Land of the Peacock Scream

There is a vibrancy to India that does not exist in the United States; everyone seems to be so much more aware of what is going on around them. Flying down the street in a rickshaw, weaving in and out of traffic is just one example. Amy’s host mom when she lived in India, Lalitha, described this phenomenon as “adjusting”. When one more guest visits a home, an Indian host will graciously make room. When people walk across a busy road, vehicles swerve around them without thought. Being aware and expectant of small changes creates a smooth ride for the passengers and everyone around them.
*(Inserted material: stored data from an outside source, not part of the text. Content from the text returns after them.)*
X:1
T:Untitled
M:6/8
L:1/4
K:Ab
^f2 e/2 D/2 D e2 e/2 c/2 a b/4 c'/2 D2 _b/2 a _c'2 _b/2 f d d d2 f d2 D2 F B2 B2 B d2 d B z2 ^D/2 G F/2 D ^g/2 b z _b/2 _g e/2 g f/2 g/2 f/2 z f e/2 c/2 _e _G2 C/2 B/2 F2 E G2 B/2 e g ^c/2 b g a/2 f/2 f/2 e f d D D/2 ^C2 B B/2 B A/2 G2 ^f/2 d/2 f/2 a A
The last few days in Chennai have flown by so quickly, probably due to the fact that we’re all ready to collapse in our beds by 9 pm. A combination of the heat and general excitement leaves us all very tired at the end of the day. We have been so fortunate in the past few days to talk to many of Amy’s friends and contacts in the country, giving us the chance to see India the way it should be; from an Indian perspective. Hearing from Geeta Ramaseshan was an amazing experience. A major player in human rights advocacy law, she answered all our questions about the status quo in India.
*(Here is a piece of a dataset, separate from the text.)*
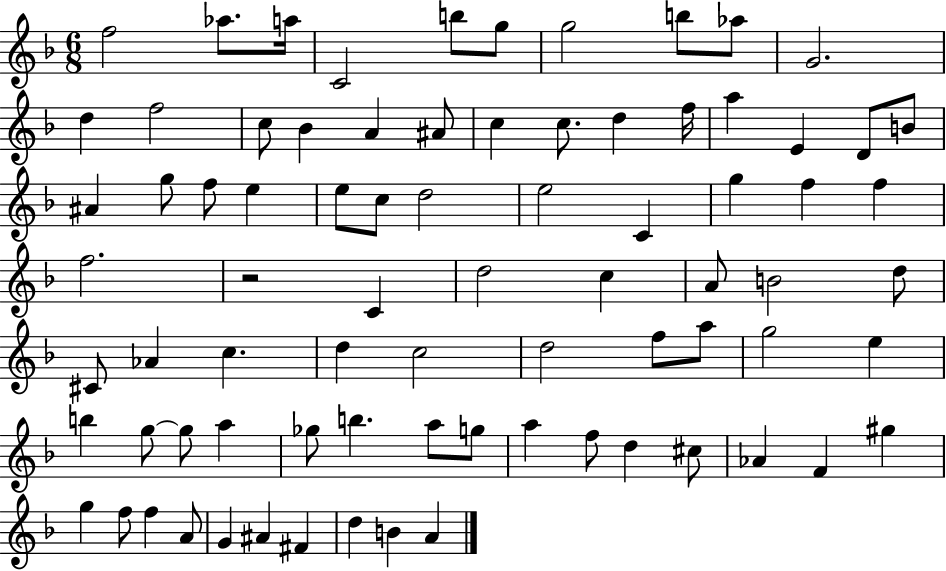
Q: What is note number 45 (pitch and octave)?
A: Ab4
For my site paper, I researched St. Thome Cathedral Bascilica and visiting it was awesome. After researching it so thoroughly, it was fun to see it come to life. Peacock pictures and sculptures pop up everywhere (as we ARE visiting the Land of the Peacock Scream). Sarah Wells and I have been playing a game where we count the number of peacocks we see and we found two, on either side of the lotus that was supporting the crucifix over the altar. Peacock representations were also found in the Kapaleeshwarar temple, including Parvati herself. We circled around the shrine to the seven planets and were given flowers to put in our hair. The atmosphere of the temple was very inviting and the sculptures were beautiful.

Yesterday, we visited Sunil’s house! They had an amazing meal waiting for us and we loved spending time with the neighborhood children. By then end, I had fed a cow a banana leaf and shaken a million little boys’ hands, hoping that they too would have a “HAPPY NEW YEAR”. (It blows my mind that it’s only the 7th. Maybe time isn’t going as quickly as I thought it was.)

Visiting Port St. George was an amazing opportunity to see the British influence that existed in India. The museum had coins, paintings and porcelain that helped tell the story of the fort. It was interesting to see the part India played in WWI, something I hadn’t thought about. St. Marys, the Anglican Church on the fort, was beautiful and had an amazing garden to the side. Flowers called “ildi-poo” (because the look like the lentil-based cakes that we eat three times a day) were all around.

We are experiencing India with all our senses, trying to take it all in. This is something I never want to forget.

Allison Hren





One thought on “Land of the Peacock Scream

  1. Paul Vagianos


    Thanks so much for your fascinating account of your trip to date. As I’ve mentioned to Ali, it makes us feel as though we are being taken along on the trip with you. You know, it was not so long ago that when people went on a trip to a far-off place that you didn’t hear a single word from them until they returned home. Following the group’s blog allows us to enjoy the sites, sounds and texture of the trip almost as if we were there with you. While you’re there, see if they have an Indian equivalent of Slovenian horseradish. I’ll be it’s spicier than the real thing.